After the hustle and bustle of lights and explosions from the fireworks to celebrate Tet New Year’s Eve on Hoan Kiem Lake was over, I heard music not far from where I stood. As it turned out an ensemble of an elderly couple was immersed in the musical instrument they were playing. There was a saxophone, two violins, and a keyboard. All of it was emitted through a portable loudspeaker. It was past midnight. The area around Hoan Kiem lake was still crowded. From children, teenagers, man and women, to the elderlies, all refused to go home in this New Year’s Eve. Despite the freezing temperature of North Vietnam’s winter.

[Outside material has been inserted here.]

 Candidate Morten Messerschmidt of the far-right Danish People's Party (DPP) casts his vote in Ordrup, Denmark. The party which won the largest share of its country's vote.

I then joined the crowd and recorded the elderly couple who were playing these instrumental music. Their music was so beautiful that the people who were watching got lost in their music. This elderly couple were so focused on the songs they were playing, especially the grandpa who was playing the saxophone whilst moving his body around. But I didn’t know why behind the notes they were playing I felt a painful emotion, unexplainable sadness. Moreover the melody was played using violins and saxophone. It was like listening to “Valse Sentimentale” by Tchaikovsky, the famous composer from Russia. There was a similar emotional quality between the two. In the twilight of the park lamps on the banks of Hoan Kiem river, I didn’t know why I felt like I was immersed in the historical events of this country that had embraced the communist ideology. While I kept listening and recording to the music, my gaze was wondering between the old buildings around the Hoan Kiem River. Truly an emotional depth that coursed into my very soul after the hustle and bustle of the firework festival. Why was the music from this elderly couple sounded so powerful? I didn’t know for sure. In the closing sentence of the ‘Musashi’ novel, Eiji Yoshikawa wrote :
“The world is always full of soundwaves
‘Small fish give in themselves to the waves, dancing, singing, and playing, but who could understand the heart of the ocean thirty meters down? Who would know of it’s depth?”
Vietnam today has moved with a new wind, a new light. However, tonight time felt like it had stop to a halt.